Wait - wasn't this litigated already, earlier this year?


----------



## JohnG (Sep 22, 2019)

erica-grace said:


> Wait - wasn't this litigated already, earlier this year?



it's an appeal


----------



## Reid Rosefelt (Sep 22, 2019)




----------



## Ivan M. (Sep 23, 2019)

These lawsuits are just a way to get money. Like patent trolling. The fact that they are nonsense is irrelevant.

Speaking of copyright generally, it needs to be relaxed, if someone took inspiration from my work, I would be proud. And that's the way things should and actually do go, composers always take inspiration from those before them, that's the only way music can move forward, it's a heritage.
It's also perfectly natural for people to create similar music, we are not islands, we all perceive it the same way, and will use say Maj7 chord in a love theme, or half steps dissonance for tension etc.


----------



## Jeremy Spencer (Sep 23, 2019)

Ivan M. said:


> These lawsuits are just a way to get money. Like patent trolling. The fact that they are nonsense is irrelevant.
> 
> Speaking of copyright generally, it needs to be relaxed, if someone took inspiration from my work, I would be proud. And that's the way things should and actually do go, composers always take inspiration from those before them, that's the only way music can move forward, it's a heritage.
> It's also perfectly natural for people to create similar music, we are not islands, we all perceive it the same way, and will use say Maj7 chord in a love theme, or half steps dissonance for tension etc.



Good points. The reality is (at least IMHO), there is no such thing as original music anymore. It's all been written already (over the centuries). We, as composers, are merely recycling the compositions into our own interpretations.


----------



## mistermister (Sep 23, 2019)

Ivan M. said:


> Speaking of copyright generally, it needs to be relaxed, if someone took inspiration from my work, I would be proud.


 All depends on a lot of context for me - what 'inspiration' is, did I release my work for free and now someone's profiting massively from it, is it sampling or is it recreation, and so on. Deciding on whether works been inspired, borrowed or stolen is a very subjective and personal thing.

It is also the fact that it all rolls under the same law. Someone inspired by my melody is enforced under the same law of someone taking a song I recorded and using it in a TV show without permission. One is a much more flagrant abuse than the other.

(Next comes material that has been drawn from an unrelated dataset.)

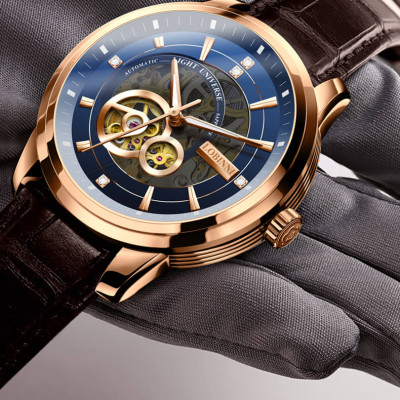 Đồng hồ nam chính hãng LOBINNI L5013-1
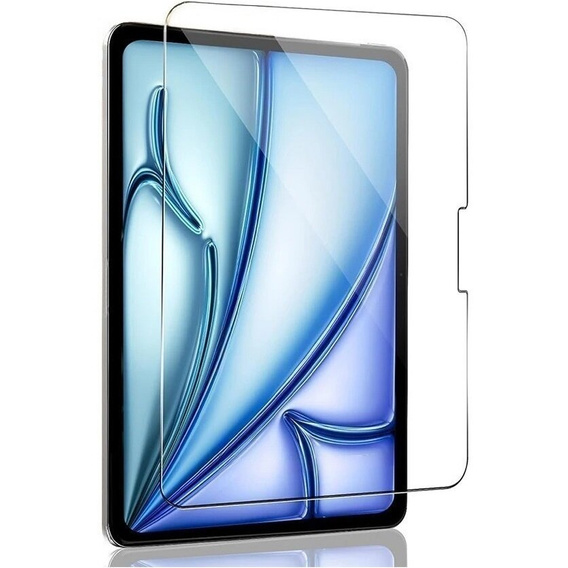 Tempered Glass for Apple iPad Air 13" 6 gen. 2024 (A2836 / A2837 / A3006)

It's mostly trolling nowadays by the huge law companies, but not sure you should relax laws simply because some people abuse it and use the word of the law to defeat the spirit of the law.


----------



## JohnG (Oct 5, 2020)

Supreme court declines appeal. End of the road.









Led Zeppelin Wins Copyright Battle Over 'Stairway To Heaven'


The Supreme Court declined to hear whether Jimmy Page plagiarized an instrumental by 1960s band Spirit to create the riff for the classic 1971 rock ballad.




www.huffpost.com


----------



## Daryl (Oct 6, 2020)

JohnG said:


> Supreme court declines appeal. End of the road.
> 
> 
> 
> ...


And about time. Total nonsense, the whole thing.


----------



## Rex282 (Oct 6, 2020)

Jeremy Spencer said:


> Good points. The reality is (at least IMHO), there is no such thing as original music anymore. It's all been written already (over the centuries). We, as composers, are merely recycling the compositions into our own interpretations.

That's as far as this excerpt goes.